Knowing that peak/reversal processes typically include some kind of (b- or 2nd-wave or right-shoulder) corrective rebuttal to the initial (a- or 1st-wave) counter-trend decline, we’re defining Fri’s 2.5950 high as the latest smaller-degree corrective high the market now needs to sustain losses below to maintain a more immediate bearish count. Its failure to do so will confirm a countering bullish divergence in short-term momentum and expose at least this not unexpected corrective rebound or a resumption of the 5-month uptrend. Per such, Fri’s 2.5950 high is considered our new mini parameter from which short-term traders with tighter risk profiles can objectively rebase and manage the risk of non-bullish decisions like long-covers and bearish punts.

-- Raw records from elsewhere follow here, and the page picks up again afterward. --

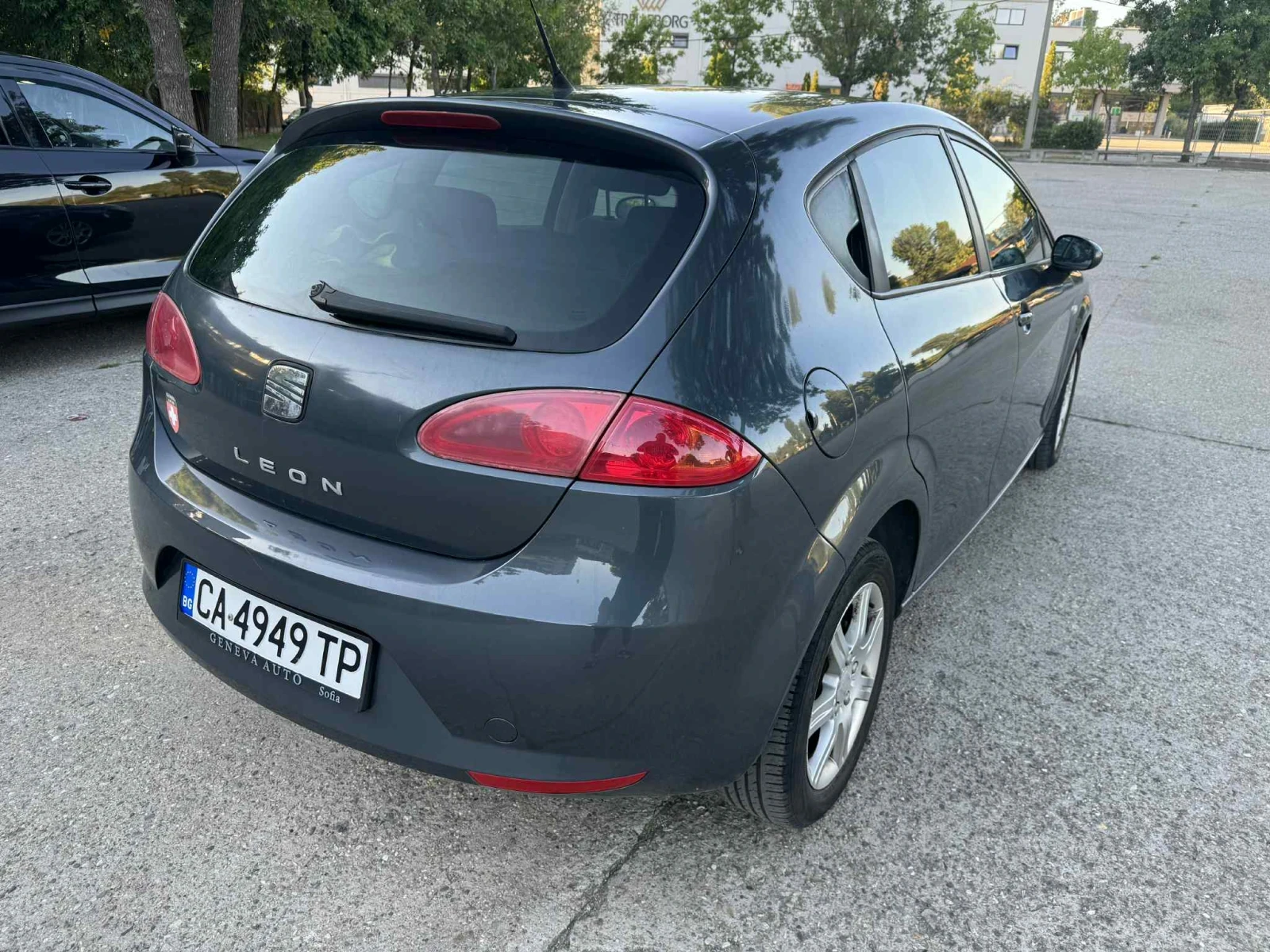 Seat Leon 1.6 - изображение 6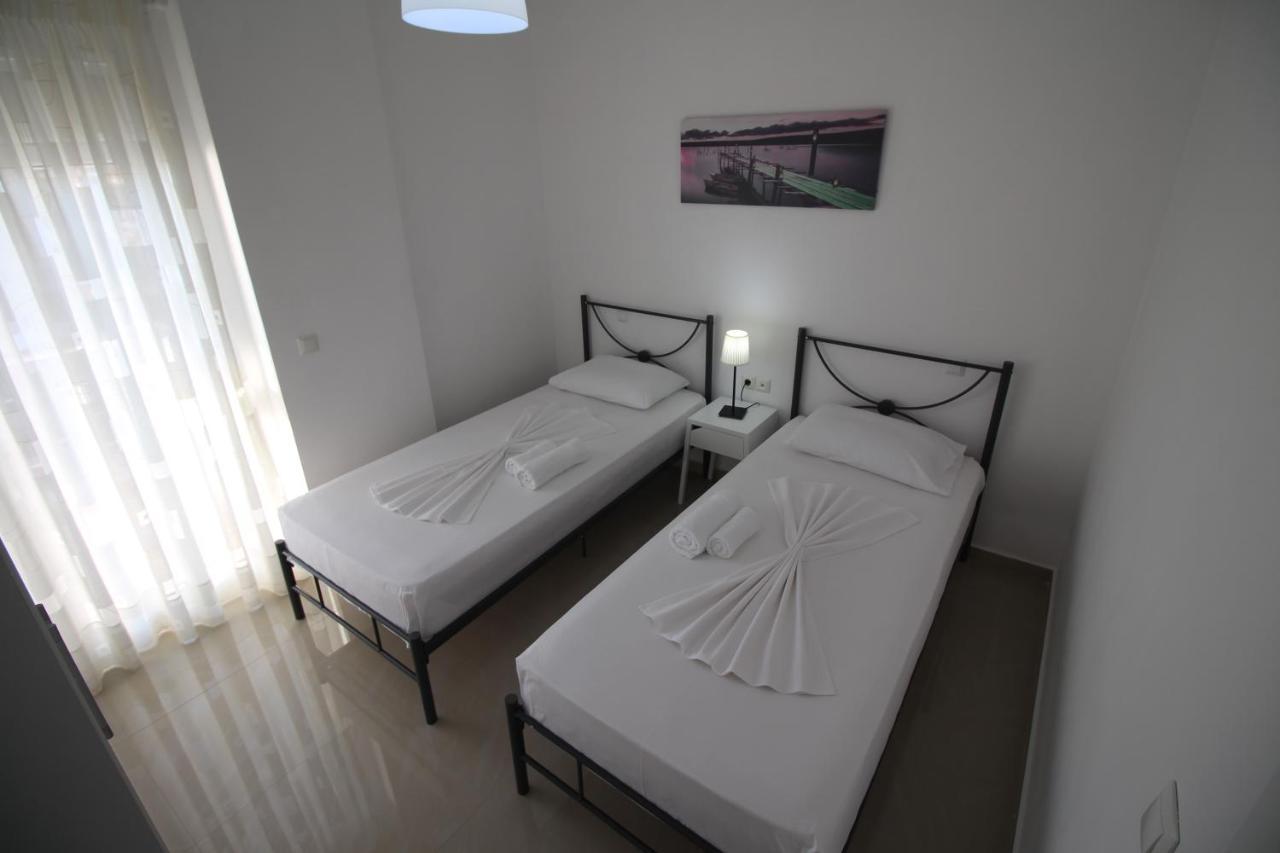 Nefeli Apartments Saranda Extérieur photo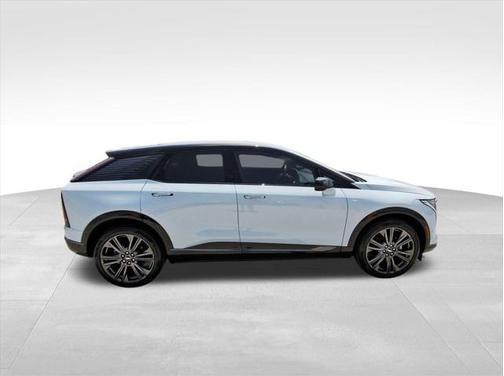 2025 Cadillac OPTIQ Sport 2 AWD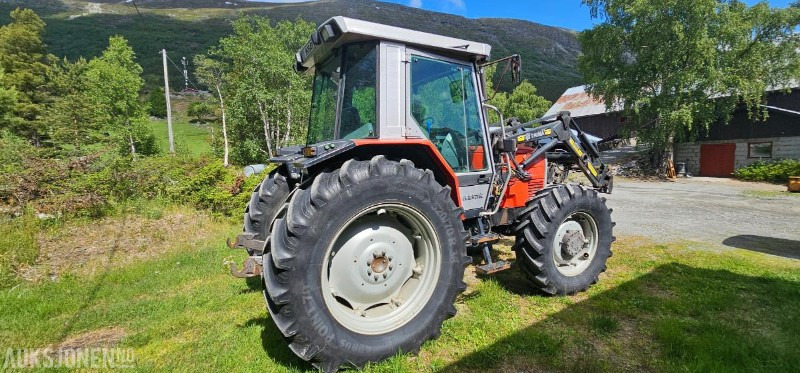 1991 Massey Ferguson 3070 - Farm tractor: picture 5 1991 Massey Ferguson 3070 - Farm tractor: picture 5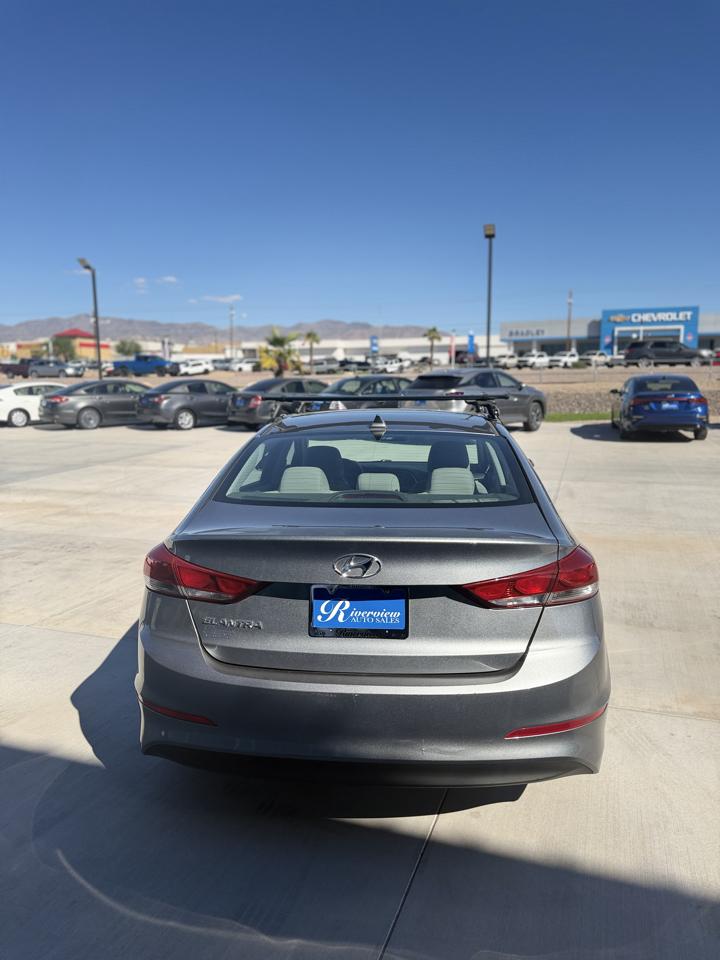 Hyundai Elantra  2018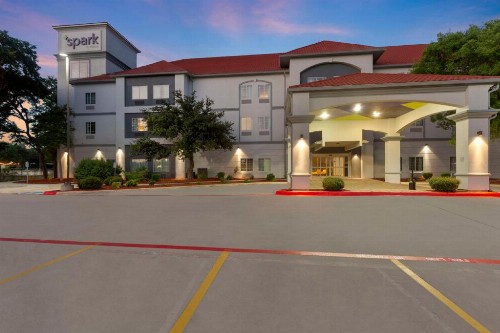 La Quinta Inn & Suites by Wyndham San Antonio The Dominion - image 8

From a longer-term perspective, commensurately larger-degree weakness below 23-Aug’s 2.4086 larger-degree corrective low shown in the daily log chart above remains required to confirm a bearish divergence in weekly momentum and define 15-Sep’s 2.7021 high as THE END of what appears to be a textbook 5-wave Elliott sequence up from 04-May’s 1.9746 low. Clearly failing to sustain Sep gains above Aug’s highs and former resistance-turned-support is ancillary evidence of a developing top as is the Fibonacci fact that the suspected 5th-Wave of this sequence up from 23-Aug’s 2.4086 low came within a bit more than a penny of equaling (i.e. 1.000 progression of) May’s 1st-Wave rally from 1.9746 to 2.2055 since the 3rd-Wave “extended”.
While a larger-degree momentum failure below 23-Aug’s larger-degree corrective lows at 2.4086 (2.4547 close) will confirm the peak/reversal, we will be watchful for the requisite proof of trendy, impulsive 5-wave behavior on this suspected initial counter-trend decline and, most importantly, proof of 3-wave corrective behavior on a prospective rebuttal to this decline to further reinforce the peak/reversal process and possibly provide a more practical longer-term bull risk parameter than 2.4086 for longer-term commercial players.
From an even longer-term perspective, the extraordinarily labored recovery attempt from last Dec’s lows on a weekly log close-only basis above and a monthly log basis below of the most active futures contract is characteristic of a mere B- or 2nd-Wave corrective rebuttal to Jun-Dec22’s INITIAL A- or 1st-Wave decline within a still-arguable and massive, multi-quarter peak/reversal threat that warns of an eventual resumption of last year downtrend to eventual new lows below 2.02. Might the resumption of such a major bear trend be in its infancy from 15-Sep’s 2.7021 high??? Yep, it certainly might. But as you know, we cannot conclude long-term counts from proof of only shorter-term weakness. And herein lies the importance of 1) the market’s ability to now sustained losses below 2.7021, 2) further weakness below 2.4086 and, 3) sustained trendy, impulsive behavior to the downside thereafter.
These issues considered, shorter-term traders have been advised or remain advised to move to at least a neutral/sideline if not cautiously bearish position with strength above 2.5950 and/or 2.7021 required to threaten and then negate this call and warrant defensive measure. Longer-term commercial players are advised to pare bullish exposure to more conservative levels and jettison remaining exposure on the immediate break below 2.4086 that will confirm the reversal and expose indeterminable losses thereafter. In the meantime, we will be watchful for proof of 3-wave corrective behavior on recovery attempts to reinforce this bearish count and provide preferred risk/reward selling opportunities.